• **Aim of the task**
Set the images aside and retype the whole listing exactly.

• **Data block**

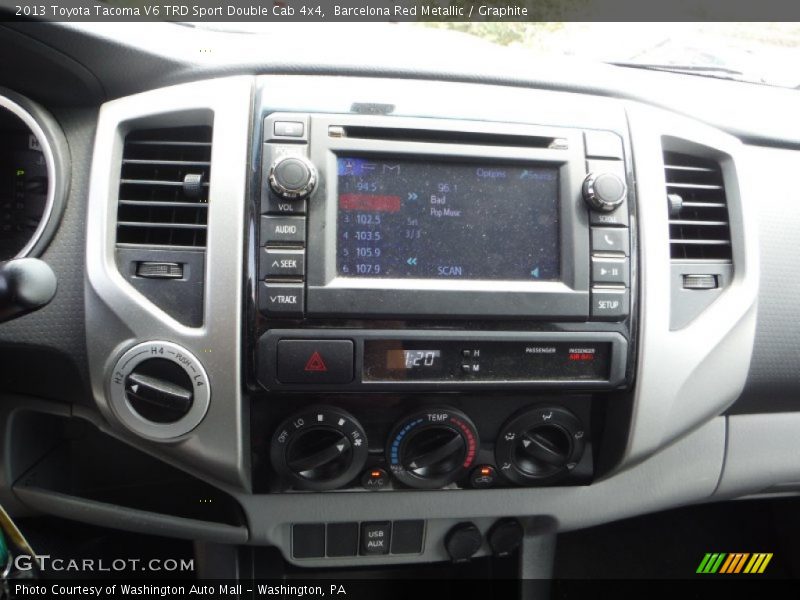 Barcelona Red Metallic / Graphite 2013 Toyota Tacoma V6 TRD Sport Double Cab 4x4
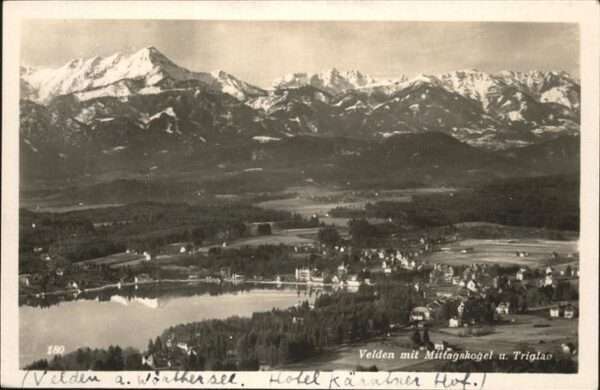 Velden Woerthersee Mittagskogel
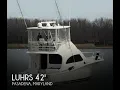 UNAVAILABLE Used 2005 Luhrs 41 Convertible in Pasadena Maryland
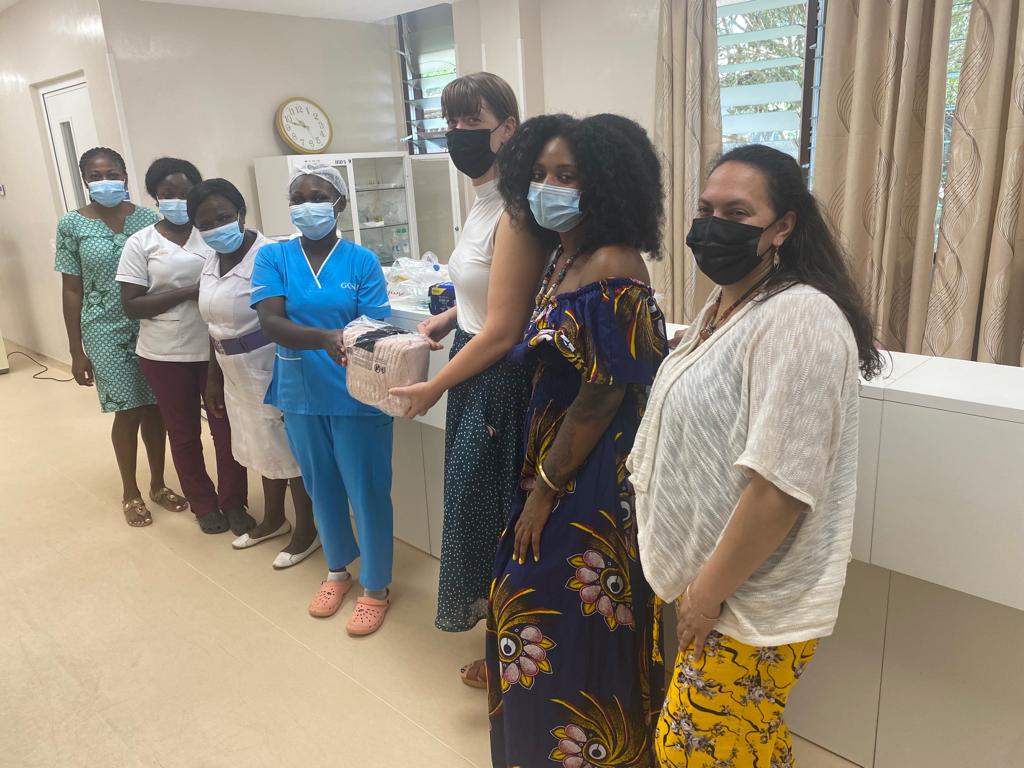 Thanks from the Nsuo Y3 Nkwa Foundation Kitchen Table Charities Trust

• **Solution to the problem**
 Barcelona Red Metallic / Graphite 2013 Toyota Tacoma V6 TRD Sport Double Cab 4x4
 Velden Woerthersee Mittagskogel
 UNAVAILABLE Used 2005 Luhrs 41 Convertible in Pasadena Maryland
 Thanks from the Nsuo Y3 Nkwa Foundation Kitchen Table Charities Trust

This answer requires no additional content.